Sunday, September 16, 2012

Evelyn and the Adoption Controversy

I just read one more "we shouldn't adopt from Africa" article (because we are removing children from their families and culture.) First of all, I agree, the adoption industry is ripe for corruption; anytime you have the potential of making money in a third world country, the potential for abuse is a strong possibility. I completely agree that there should be strong laws by the country and standards by the adoption agency and when they are abused, the agency should lose their license. I chose the agency we are using for Ethiopia largely on the commitment that they use to make sure that abuse doesn't occur. 

One thing that is way too simplistic is the idea that no child that isn't 100% orphaned should be adoptable. Many people even go to the extreme to say that even the orphans don't need adoption, because the community will step in and care for those children. While that is a lovely idea, it is not the reality that I've seen.

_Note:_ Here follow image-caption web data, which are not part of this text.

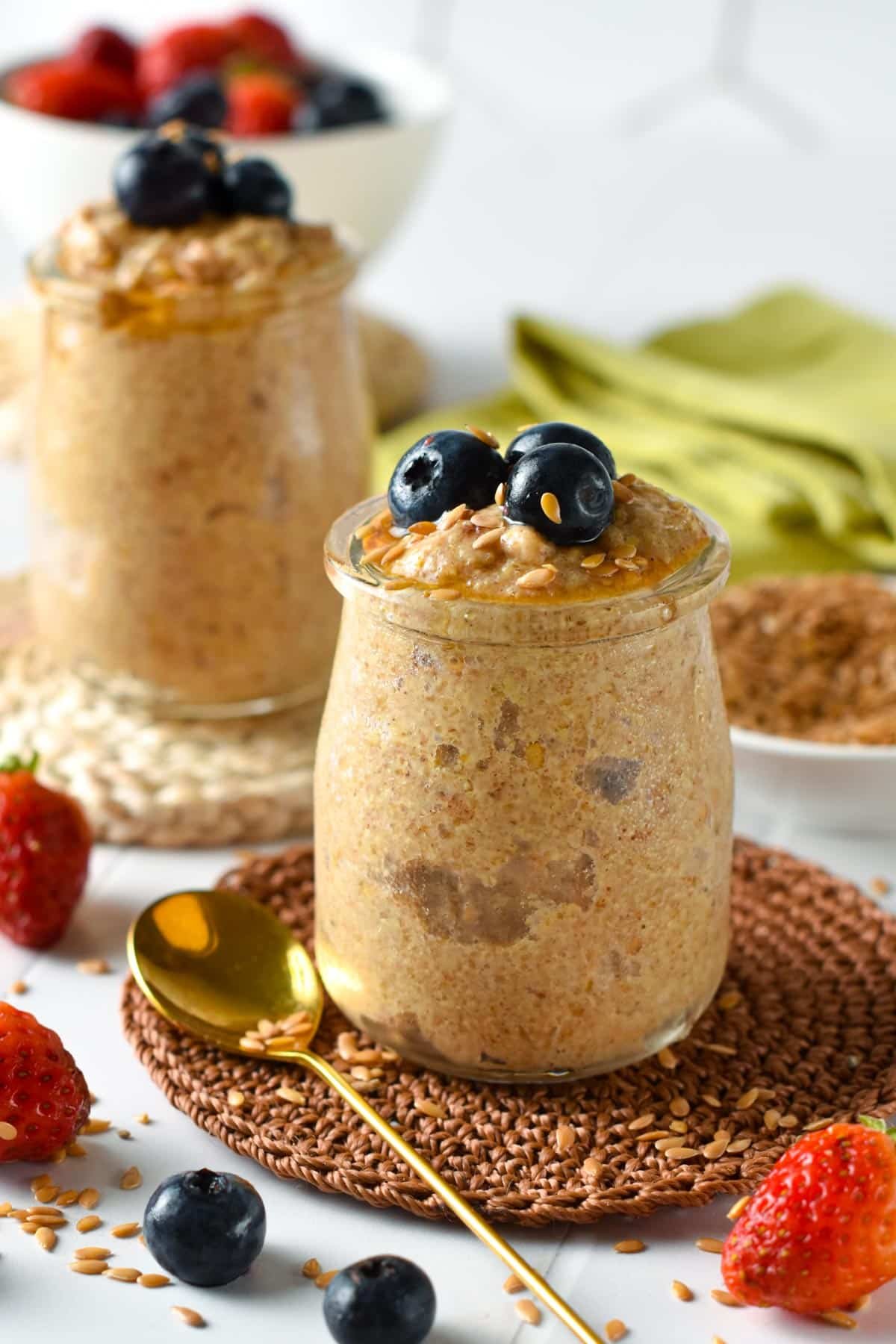 This Flaxseed pudding is an easy healthy high-fiber breakfast with 12g of fiber per serve and a delicious vanilla cinnamon flavor.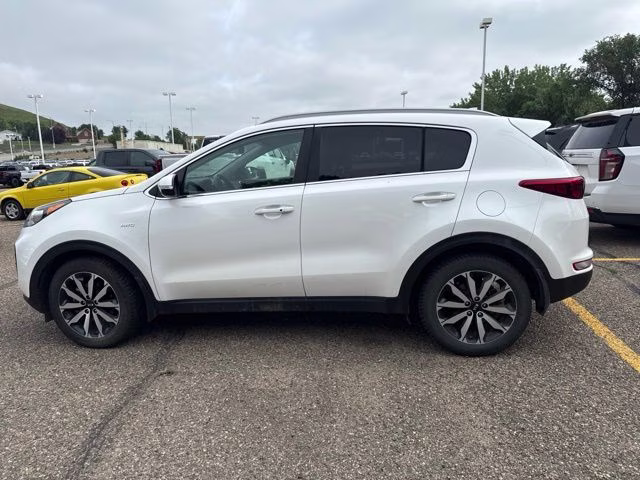 2018 Snow White Pearl Kia Sportage EX AWD SUV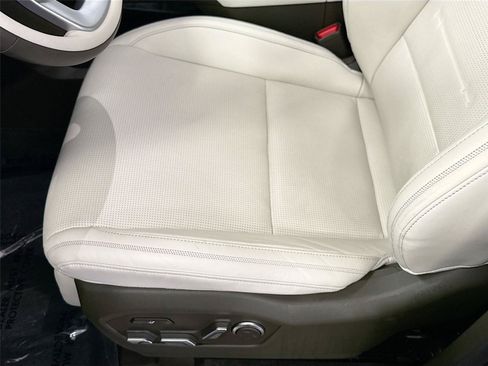 Used 2025 Hyundai Santa Fe Calligraphy FWD image 20
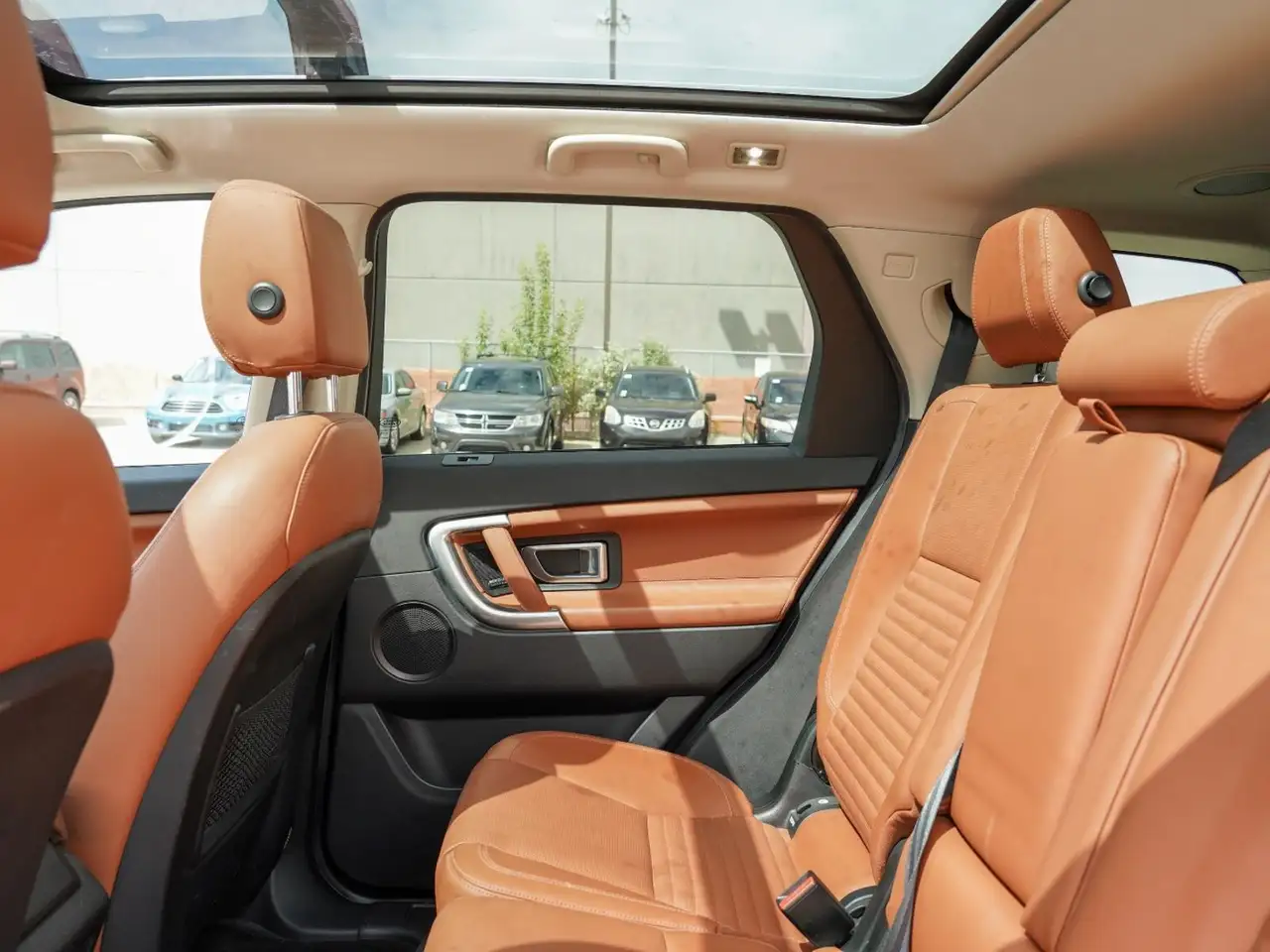 Land Rover Discovery Sport photo Land Rover Discovery Sport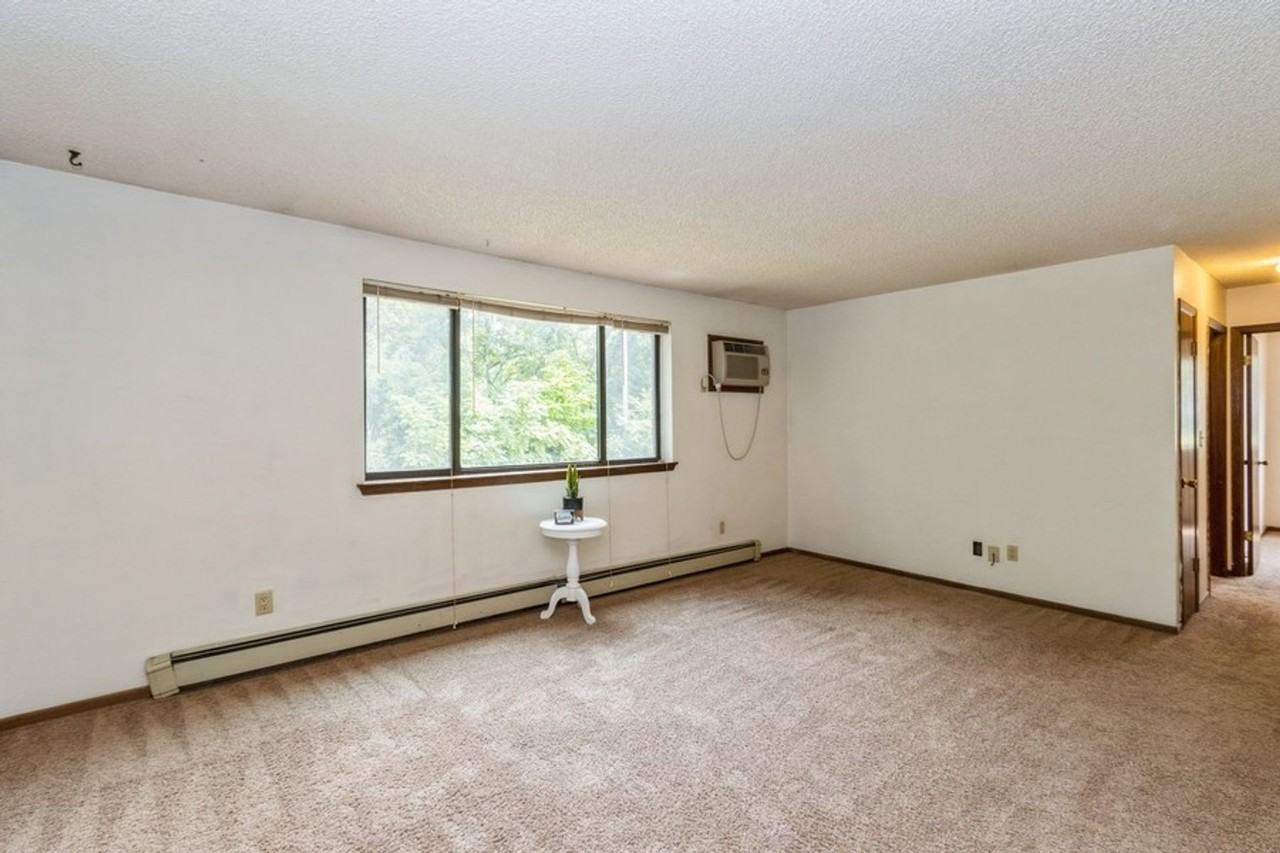 415 Woodside Drive - Photo 4 of 13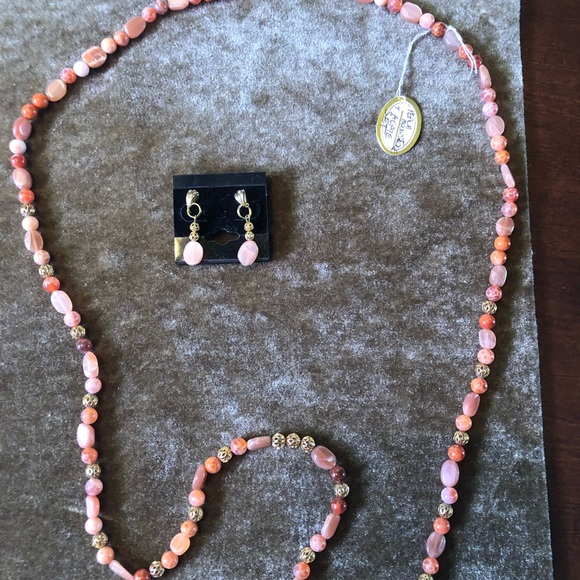 Peach Moonstone & Crab Fire Agate necklace and earrings. 34.5” long. - Picture 4 of 5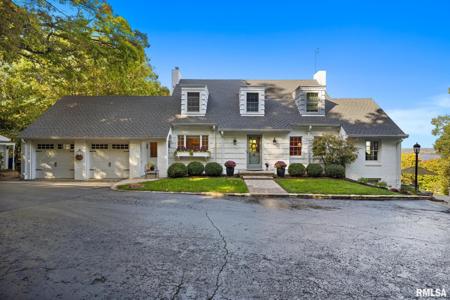 4704 N GRANDVIEW Drive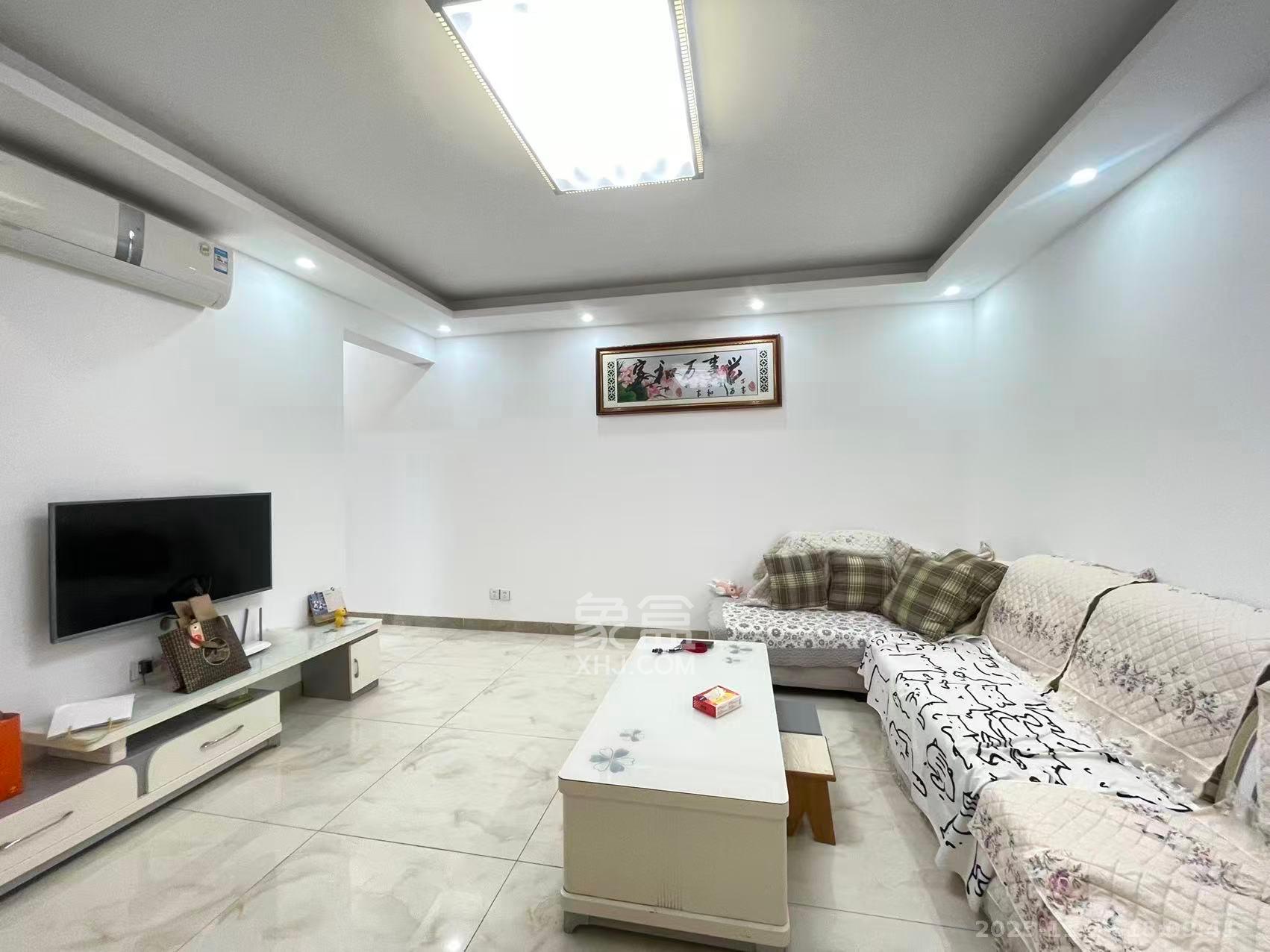 君悦紫园  1室1厅1卫    2300.0元/月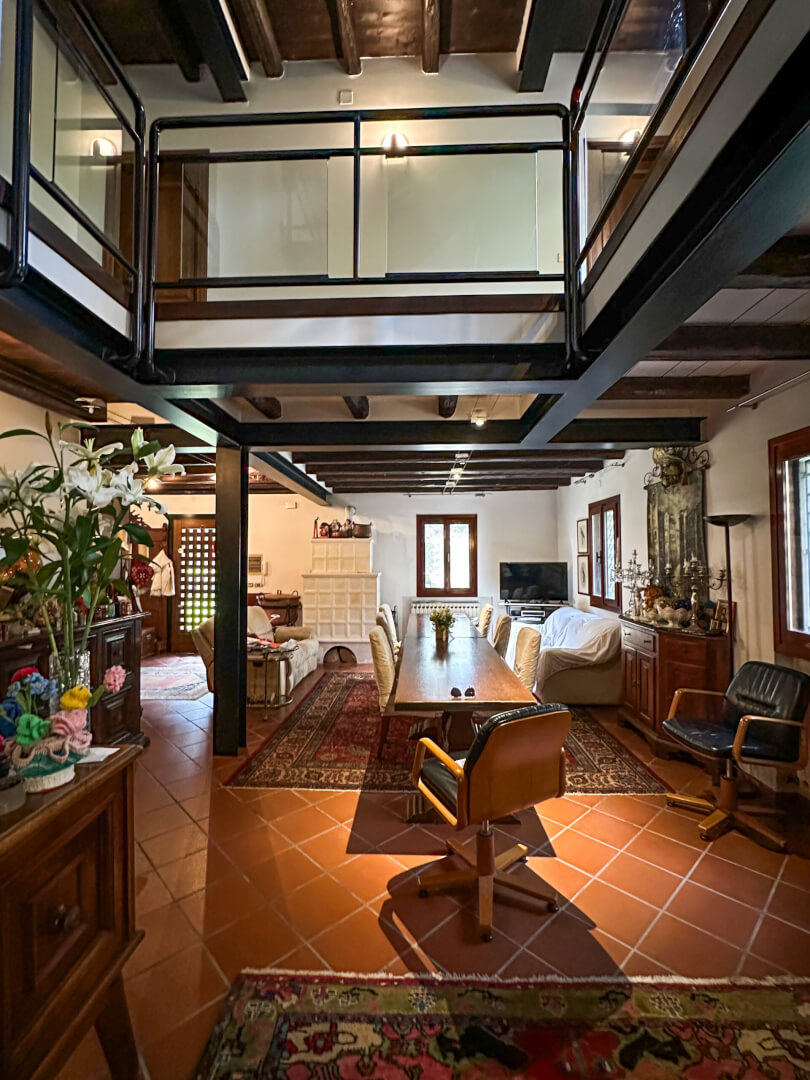 CA' IVELISE - Esszimmer und Treppenhaus im Erdgeschoss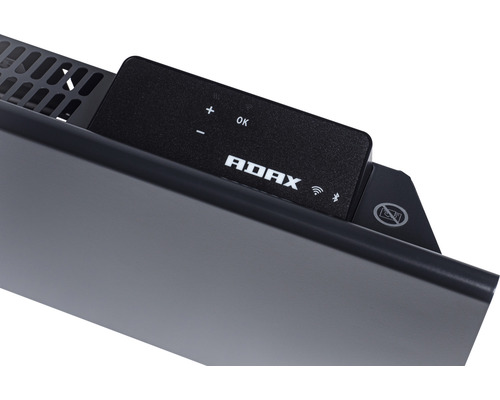 Detaljvy av en Adax-värmare med kontrollpanel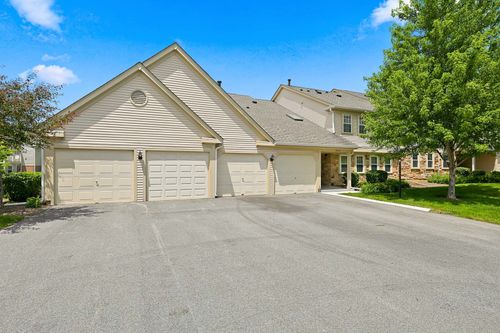 w2-2326 Knollwood Ct, Schaumburg, IL, 60194-4894 | Card Image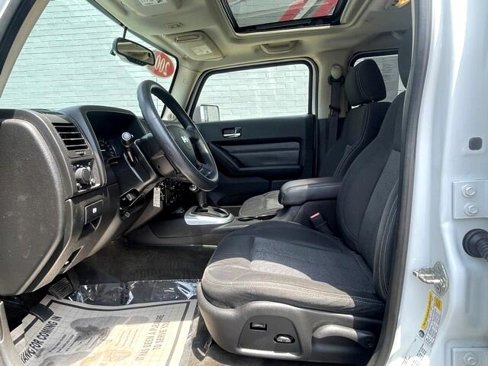 Used 2008 HUMMER H3 image 11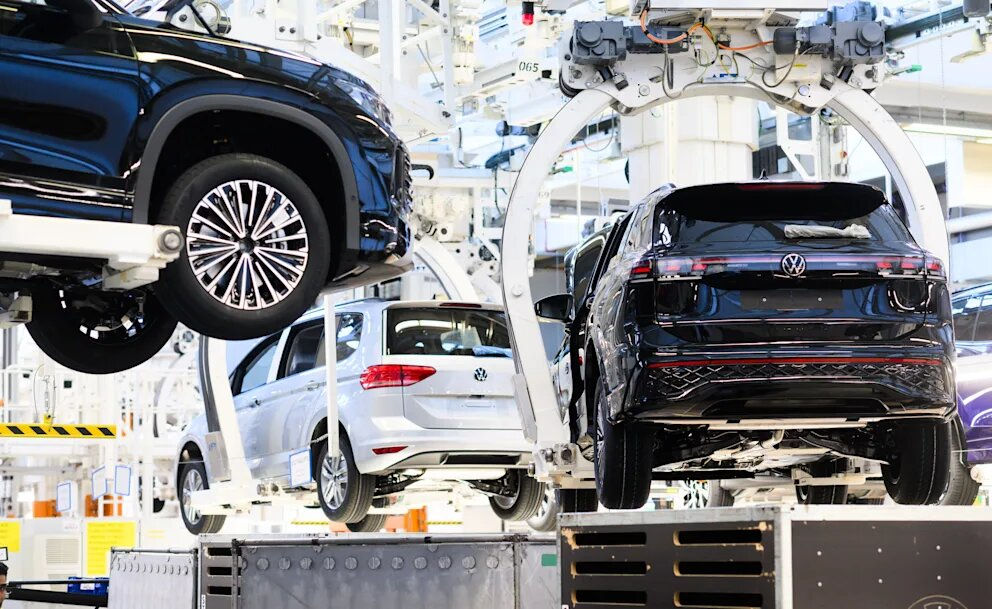 Прибыль Volkswagen рухнула на 30,6%.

The children at the school that our adoption agency just took over are majority orphaned and they are living in the worst of conditions because the extended family and neighbors do not generally treat them like family, but domestic workers. These children would be so much better off, in my opinion, becoming a legitimate family member through adoption.  

Here is my personal, heartbreaking example of "family" that would appear as a statistical success to those that are anti-adoption. This is a picture of Evelyn, the little girl that we were adopting in Liberia that was removed from the orphanage by her Grandmother. The agency we used tried to persuade Evelyn's grandmother to allow her to be adopted, as her mother wished, because they knew that the Grandmother's plan was that Evelyn provide for her by prostitution once she was old enough to work. 

Evelyn, and a lot of children like her, deserve better!


  1. Oh my! I didn't know the reality.

  2. ARG! I hate the comments "You're stripping them of the culture and heritage" No.1--strangers do not know how much time I do/do not spend teaching the adopted kids about their homeland. No.2 Really? do ya think this kid would rather be starving, beaten, living in filth, where 23 babies are cared for by 1 nanny --working 12 hour shifts, no toys or even pictures on the wall to stimulate their brain, getting bitten in the night by rats; and the list goes on? Do ya really think anyone is going to take the time to teach them about their culture in that setting?
    (All of the above situations are ones my kids have been in).

  3. Well said-things are never as black and white as we wish they were.

  4. Yes, they do get sold and also many end up in the sex trades.

    Its not a good life and she would have been better to have been adopted by a family that she wouldn't be put into that situtation.

    Sure its nice to have kids with their own parents but it doesn't work out that way all the time.